_EXTRACTED DATA_.
^^^^^^^^^^^^^^^^

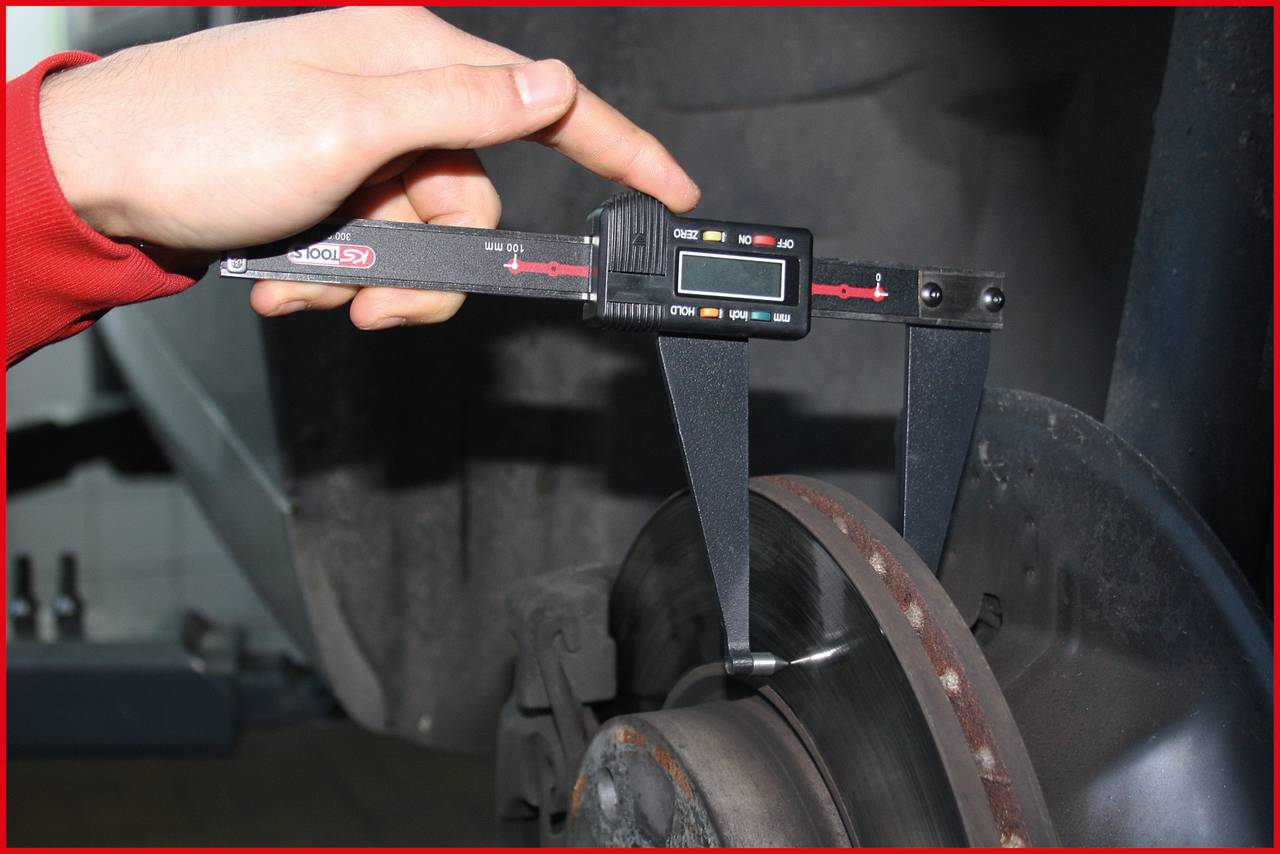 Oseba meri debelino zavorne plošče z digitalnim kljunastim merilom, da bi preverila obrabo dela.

^^^^^^^^^^^^^^^^

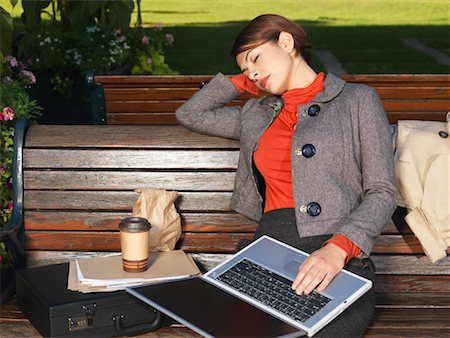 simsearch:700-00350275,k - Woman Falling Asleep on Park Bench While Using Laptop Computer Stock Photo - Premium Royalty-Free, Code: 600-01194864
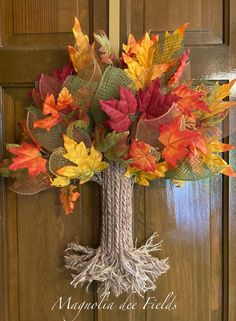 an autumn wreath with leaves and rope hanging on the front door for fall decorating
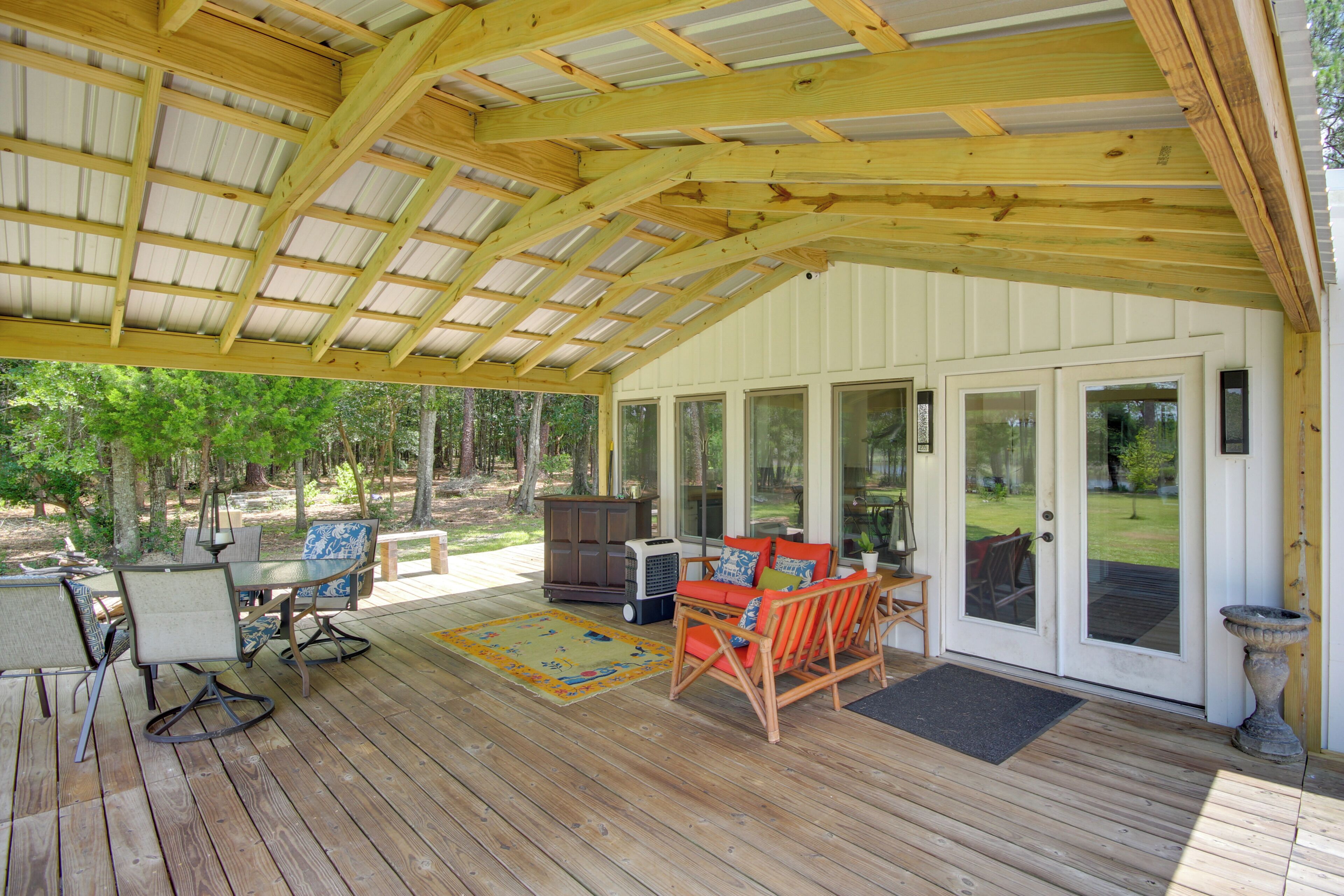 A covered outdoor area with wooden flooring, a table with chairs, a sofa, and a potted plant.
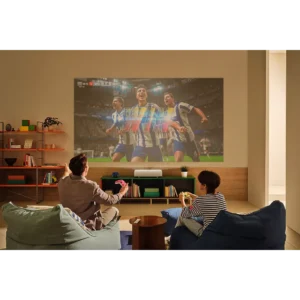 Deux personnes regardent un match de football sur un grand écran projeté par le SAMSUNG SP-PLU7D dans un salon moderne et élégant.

^^^^^^^^^^^^^^^^

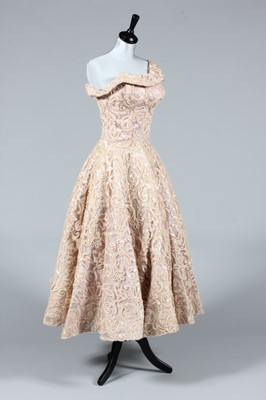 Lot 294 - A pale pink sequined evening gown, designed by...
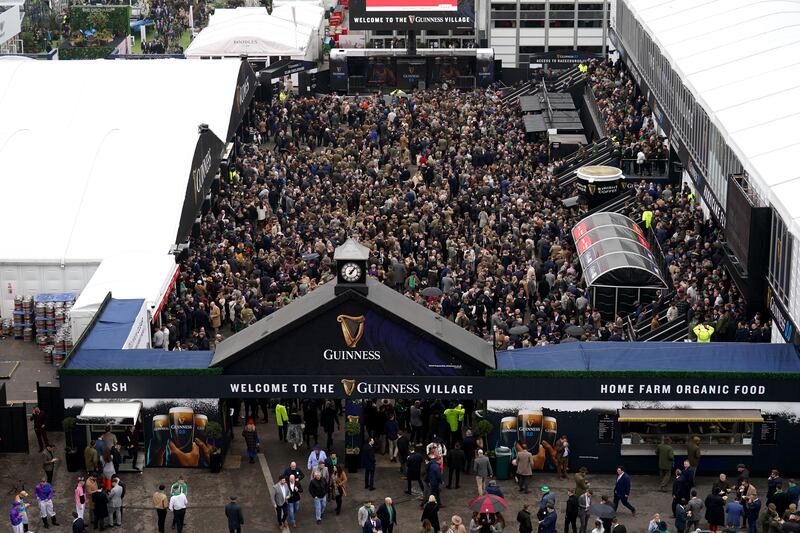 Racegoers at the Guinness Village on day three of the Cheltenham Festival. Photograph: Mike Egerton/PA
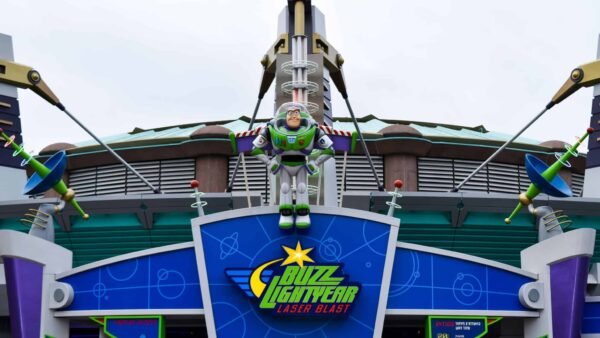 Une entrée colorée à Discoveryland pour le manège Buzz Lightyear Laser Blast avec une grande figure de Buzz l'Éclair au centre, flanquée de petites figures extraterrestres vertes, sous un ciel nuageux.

^^^^^^^^^^^^^^^^

_EXERCISE BRIEF_. Using the entries above, write out exactly the lines from the one with "Lot 294 - A" through the one with "Une entrée colorée", ends included. Leave out any pictures.

_WRITTEN SOLUTION_.
 Lot 294 - A pale pink sequined evening gown, designed by...
 Racegoers at the Guinness Village on day three of the Cheltenham Festival. Photograph: Mike Egerton/PA
 Une entrée colorée à Discoveryland pour le manège Buzz Lightyear Laser Blast avec une grande figure de Buzz l'Éclair au centre, flanquée de petites figures extraterrestres vertes, sous un ciel nuageux.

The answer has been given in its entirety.